1. Load the tsuga dataset from this repository.
library(data.table)
## working directory should be: vu_advstats_students
tsuga = readRDS("data/tsuga.rds")

## if you don't have the repository saved locally
# tsuga = readRDS(url("https://github.com/ltalluto/vu_advstats_students/raw/main/data/tsuga.rds"))

This dataset gives statistics about Tsuga canadensis observed over multiple years in forest plots in eastern Canada. Included are the number of trees born, the number observed to have died that year, the total number of trees (including dead ones) n, and the climate. Filter the dataset so that it contains only observations from the year 2005 with at least 1 individual (n > 0)

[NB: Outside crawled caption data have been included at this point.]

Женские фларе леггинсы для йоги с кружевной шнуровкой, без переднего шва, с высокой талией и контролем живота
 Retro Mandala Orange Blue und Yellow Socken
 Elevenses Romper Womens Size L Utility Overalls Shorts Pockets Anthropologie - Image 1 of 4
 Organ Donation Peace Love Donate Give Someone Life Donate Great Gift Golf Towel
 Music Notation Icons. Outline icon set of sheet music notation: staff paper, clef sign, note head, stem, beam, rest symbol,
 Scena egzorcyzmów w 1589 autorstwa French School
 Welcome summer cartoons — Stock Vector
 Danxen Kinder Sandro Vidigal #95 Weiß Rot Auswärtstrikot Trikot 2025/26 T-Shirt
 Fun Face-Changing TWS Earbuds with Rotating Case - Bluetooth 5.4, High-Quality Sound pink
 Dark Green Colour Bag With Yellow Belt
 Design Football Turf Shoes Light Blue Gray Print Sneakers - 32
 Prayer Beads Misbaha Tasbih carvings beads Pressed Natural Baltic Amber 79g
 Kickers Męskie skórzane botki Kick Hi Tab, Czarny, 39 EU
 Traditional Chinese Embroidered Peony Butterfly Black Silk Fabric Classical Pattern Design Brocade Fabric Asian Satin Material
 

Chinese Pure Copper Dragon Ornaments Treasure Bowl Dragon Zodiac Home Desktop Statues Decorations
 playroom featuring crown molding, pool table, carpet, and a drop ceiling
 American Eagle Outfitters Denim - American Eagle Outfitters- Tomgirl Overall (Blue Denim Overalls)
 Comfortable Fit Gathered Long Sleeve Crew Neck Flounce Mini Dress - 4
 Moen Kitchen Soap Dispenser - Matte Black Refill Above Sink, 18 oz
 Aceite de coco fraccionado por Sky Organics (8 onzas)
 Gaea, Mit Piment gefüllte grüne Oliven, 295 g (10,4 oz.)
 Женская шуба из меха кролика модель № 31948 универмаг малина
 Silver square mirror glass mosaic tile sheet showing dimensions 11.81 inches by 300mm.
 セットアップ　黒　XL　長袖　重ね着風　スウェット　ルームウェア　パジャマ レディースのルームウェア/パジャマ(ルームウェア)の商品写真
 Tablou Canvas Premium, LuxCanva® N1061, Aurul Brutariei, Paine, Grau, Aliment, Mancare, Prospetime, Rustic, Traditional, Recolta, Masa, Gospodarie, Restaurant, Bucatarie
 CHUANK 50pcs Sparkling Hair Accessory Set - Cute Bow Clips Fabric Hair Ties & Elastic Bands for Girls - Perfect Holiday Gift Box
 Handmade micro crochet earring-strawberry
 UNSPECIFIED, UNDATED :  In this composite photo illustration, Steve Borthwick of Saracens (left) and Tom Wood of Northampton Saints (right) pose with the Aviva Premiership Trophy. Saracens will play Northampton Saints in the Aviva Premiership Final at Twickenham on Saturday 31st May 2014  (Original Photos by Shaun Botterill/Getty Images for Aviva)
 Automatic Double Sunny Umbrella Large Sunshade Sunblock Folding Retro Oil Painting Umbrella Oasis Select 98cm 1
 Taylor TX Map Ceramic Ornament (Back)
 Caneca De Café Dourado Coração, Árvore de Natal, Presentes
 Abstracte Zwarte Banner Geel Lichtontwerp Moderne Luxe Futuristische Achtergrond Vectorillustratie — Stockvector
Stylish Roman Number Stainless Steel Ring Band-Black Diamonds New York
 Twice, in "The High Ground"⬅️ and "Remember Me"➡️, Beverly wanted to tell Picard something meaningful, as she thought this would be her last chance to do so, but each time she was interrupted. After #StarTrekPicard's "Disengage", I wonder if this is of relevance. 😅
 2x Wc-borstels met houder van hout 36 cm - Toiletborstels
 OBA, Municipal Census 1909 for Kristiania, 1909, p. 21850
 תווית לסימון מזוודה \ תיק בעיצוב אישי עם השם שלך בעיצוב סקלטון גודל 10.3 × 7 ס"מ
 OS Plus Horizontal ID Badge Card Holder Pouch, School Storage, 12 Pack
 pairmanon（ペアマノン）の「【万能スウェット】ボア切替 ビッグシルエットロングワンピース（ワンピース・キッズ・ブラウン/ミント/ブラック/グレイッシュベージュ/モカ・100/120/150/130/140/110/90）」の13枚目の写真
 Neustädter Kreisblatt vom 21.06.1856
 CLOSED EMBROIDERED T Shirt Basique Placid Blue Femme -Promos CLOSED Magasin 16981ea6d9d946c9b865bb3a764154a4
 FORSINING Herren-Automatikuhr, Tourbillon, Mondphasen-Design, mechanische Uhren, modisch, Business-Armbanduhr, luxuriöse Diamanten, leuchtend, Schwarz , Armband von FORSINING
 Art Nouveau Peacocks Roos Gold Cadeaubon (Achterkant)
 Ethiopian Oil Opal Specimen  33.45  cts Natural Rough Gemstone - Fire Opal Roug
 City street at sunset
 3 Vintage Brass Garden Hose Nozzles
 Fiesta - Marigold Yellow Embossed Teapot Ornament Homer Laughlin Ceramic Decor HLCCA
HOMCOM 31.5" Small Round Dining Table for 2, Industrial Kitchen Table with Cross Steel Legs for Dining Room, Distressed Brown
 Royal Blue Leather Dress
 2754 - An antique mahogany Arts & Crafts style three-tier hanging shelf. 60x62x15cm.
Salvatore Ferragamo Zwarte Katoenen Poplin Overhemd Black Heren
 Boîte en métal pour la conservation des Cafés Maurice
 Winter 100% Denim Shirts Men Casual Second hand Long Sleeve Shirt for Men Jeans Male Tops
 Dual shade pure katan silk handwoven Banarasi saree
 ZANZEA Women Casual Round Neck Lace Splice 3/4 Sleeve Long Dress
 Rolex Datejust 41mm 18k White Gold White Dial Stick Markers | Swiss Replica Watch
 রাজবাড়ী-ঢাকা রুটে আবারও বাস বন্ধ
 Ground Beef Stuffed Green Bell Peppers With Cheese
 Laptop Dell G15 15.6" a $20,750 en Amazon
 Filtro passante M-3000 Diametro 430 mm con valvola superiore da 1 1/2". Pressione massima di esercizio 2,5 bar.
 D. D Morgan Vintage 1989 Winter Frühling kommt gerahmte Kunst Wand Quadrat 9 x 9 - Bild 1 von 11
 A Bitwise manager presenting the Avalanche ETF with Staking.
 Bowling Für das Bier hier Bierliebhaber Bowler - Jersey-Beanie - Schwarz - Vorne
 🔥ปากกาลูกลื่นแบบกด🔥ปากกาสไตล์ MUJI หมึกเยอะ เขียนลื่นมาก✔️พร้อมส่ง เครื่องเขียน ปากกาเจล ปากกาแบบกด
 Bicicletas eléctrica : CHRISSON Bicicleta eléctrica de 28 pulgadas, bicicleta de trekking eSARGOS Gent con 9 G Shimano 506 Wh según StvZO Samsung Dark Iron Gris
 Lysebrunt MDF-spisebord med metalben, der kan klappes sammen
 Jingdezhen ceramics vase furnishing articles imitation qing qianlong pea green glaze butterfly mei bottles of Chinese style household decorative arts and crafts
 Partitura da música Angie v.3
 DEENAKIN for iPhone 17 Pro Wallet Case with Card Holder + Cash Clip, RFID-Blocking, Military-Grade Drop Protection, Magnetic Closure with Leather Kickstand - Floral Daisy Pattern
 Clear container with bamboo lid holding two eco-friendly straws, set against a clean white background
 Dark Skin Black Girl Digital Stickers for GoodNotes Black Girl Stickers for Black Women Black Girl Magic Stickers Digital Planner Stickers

  1. Write a function taking three parameters:
    1. p: a single value, the probability that a randomly chosen individual is dead
    2. n: a vector, the number of trees in each plot
    3. k: a vector, the number of dead trees in each plot
    4. The function should return the log likelihood: \(\log pr(n,k|p)\)
# n and k are vectors
lfun = function(p, n, k) {
   ## function body
   return() ## a single value!
}
  1. Plot the log likelihood across various values of p
    • Hint: you will need to run lfun once for each value of p. This is most efficiently accomplished using sapply, but a for loop will also work.
  2. Use optim to find the MLE for p
  3. Is the answer different from mean(dat$died/dat$n)? If so, why?
  4. Write two more functions, one to estimate a prior for p, and one to compute the log posterior. You may choose the prior distribution and hyperparameters as you like, but they should respect the constraint that p must be between zero and one.
  5. Plot the prior and unnormalized posterior. Compare plots with different prior hyperparameters
  6. Compute the maximum a posteriori estimate for p using optim.
  7. Write a stan model to compute the maximum a posteriori estimate for p, and then fit it using optimizing.

Bonus

  1. Write a Stan program to estimate the mean number of trees per plot.
    1. What kind of statistical process could generate these data?
    2. What is an appropriate likelihood function? prior?
    3. Compute the MAP estimate.
    4. How does the MAP compare to mean(dat$n)?
  2. Use the MAP estimate from 2c and the r****() function corresponding to the likelihood function to simulate a new dataset, with as many observations as in the original data.
    1. Compare a histogram and summary statistics of your simulated data with the real data. Note any similarities and differences.
    2. Consider how you could improve this generative model to better describe the dataset. Do you need a new likelihood function?